Future standardization—of intermediate DSL, data models, and communication protocols between agents—was identified as essential for reproducibility, benchmarking, and modular system evolution.
6. Limitations and Prospective Developments
Despite robust performance on simple designs, current limitations include:
- Error propagation and attrition bias: Early-stage failure (e.g., entity extraction) limits recoverability for complex requests.
- Dataset and PDK coverage: Larger, more diverse design and component corpora are needed to improve accuracy and accommodate novel topologies and parameter regimes.
- Verification and closure-of-loop: Present verification modules provide basic DRC and performance checking; integration of advanced simulation, physical optimization, and hardware-in-the-loop feedback remains future work.
- Robotic and experimental automation: Extending the framework to close the design/fabrication/test loop via robotics and automated metrology is identified as a key next step.
- Multimodal reasoning: To capture schematic, tabular, and mathematical forms of domain knowledge not explicit in natural language, planned extensions include multi-modal agent reasoning.
7. Impact and Future Directions
PhIDO demonstrates the feasibility of using AI agents—with modular task decomposition, schema-based validation, retrieval-augmented domain reasoning, and structured intermediate representations—for highly automated PIC design from natural language.
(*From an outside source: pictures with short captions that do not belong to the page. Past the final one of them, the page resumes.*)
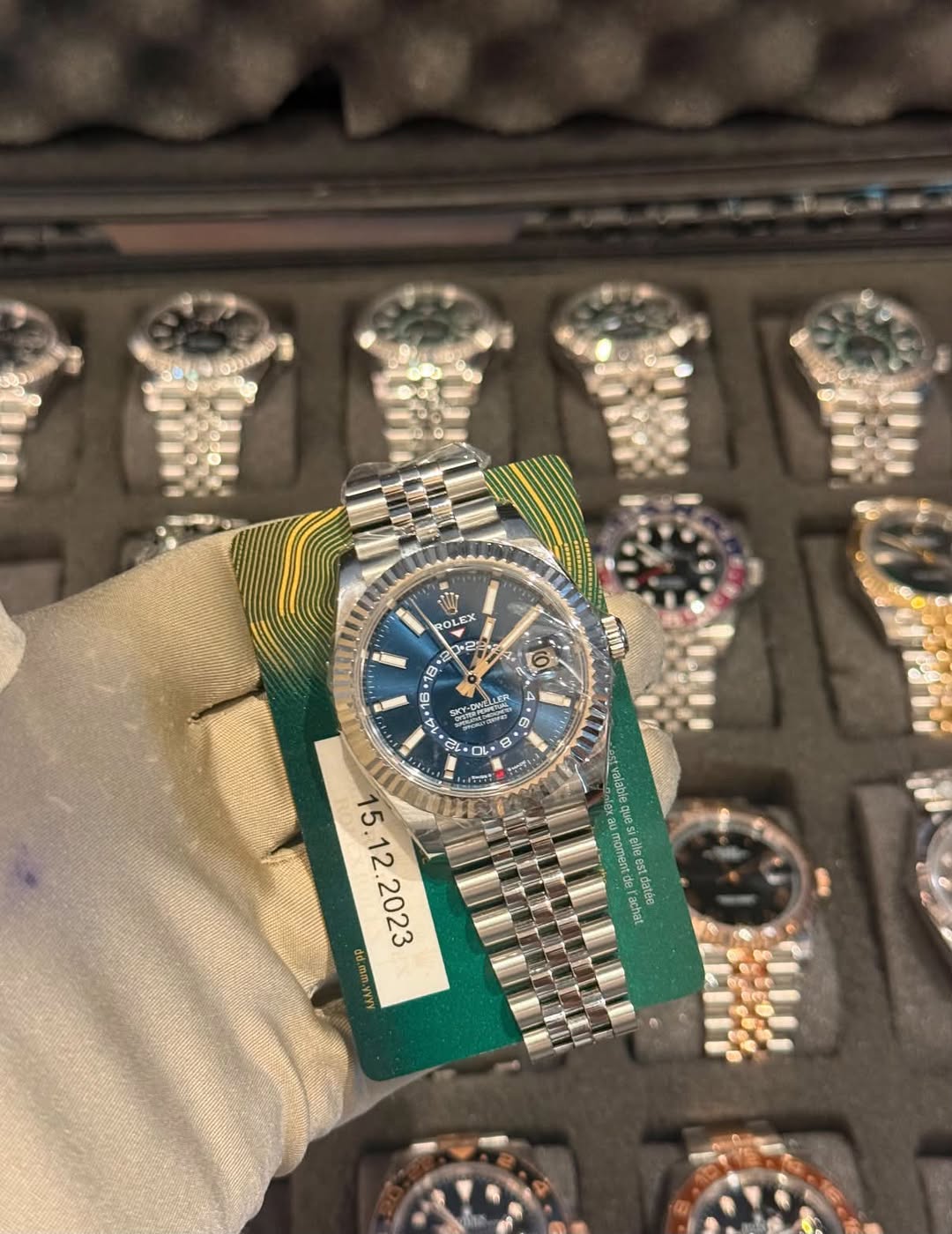 May be an image of wrist watch and text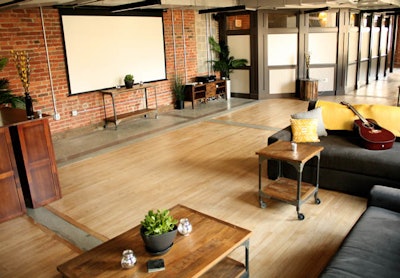 Open space with guitar and projection screen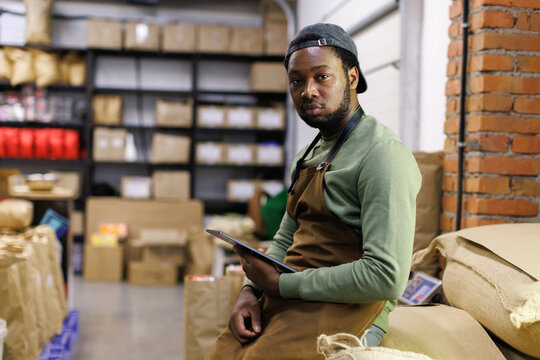 Male worker with tablet on sacks with coffee and looking at camera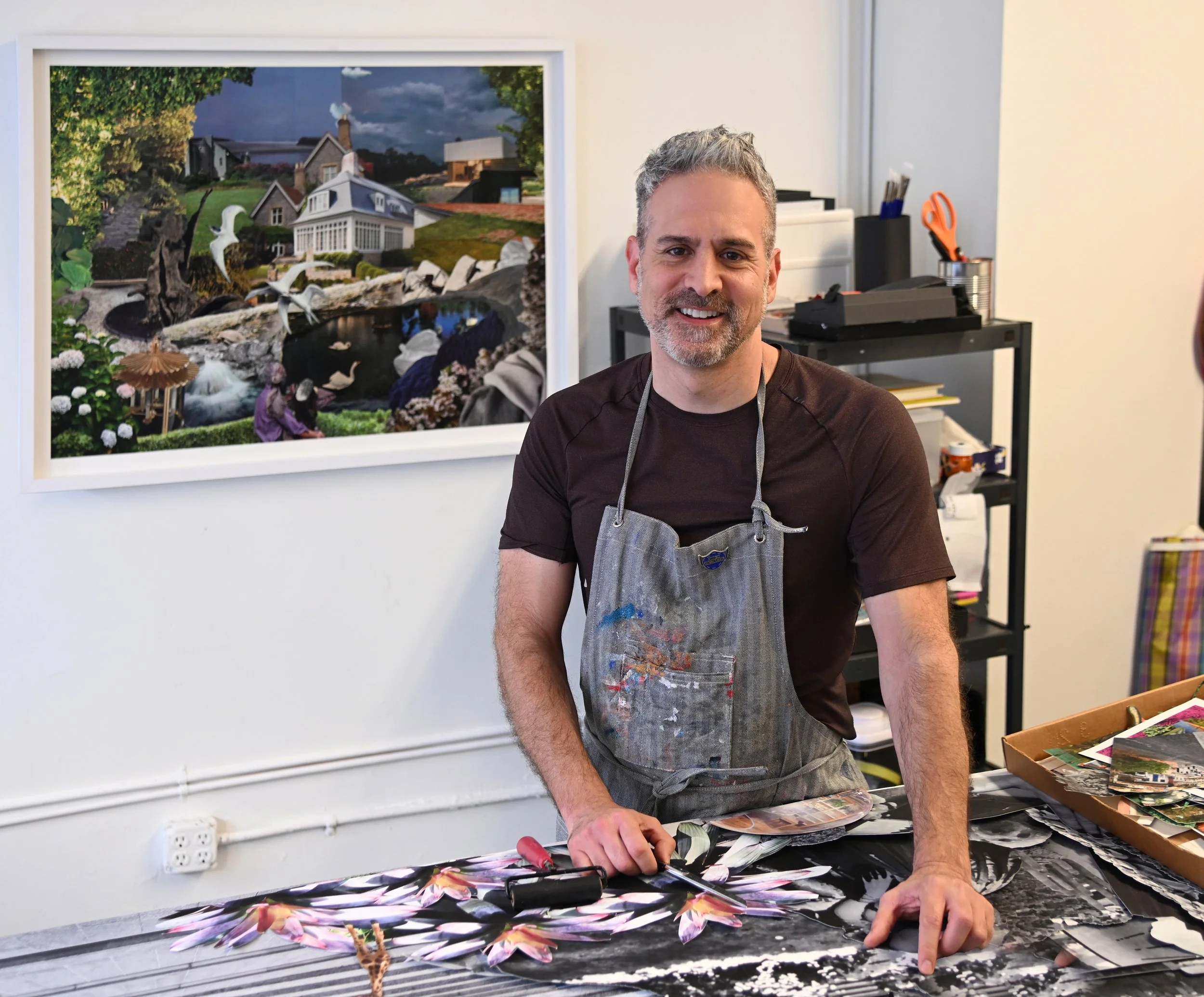 Artist in his studio, wearing apron, standing over worktable with collage materials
As such, it lowers the barrier for PIC and photonics hardware design, and is positioned to underpin future self-driving photonics laboratories and intelligent foundry workflows. Anticipated developments include extended datasets and PDK support, standardized communication/model schemas, integrated robotic/experimental verification pipelines, and multi-agent systems leveraging multimodal domain knowledge for more reliable, scalable, and autonomous integrated photonics design (Sharma et al., 18 Aug 2025).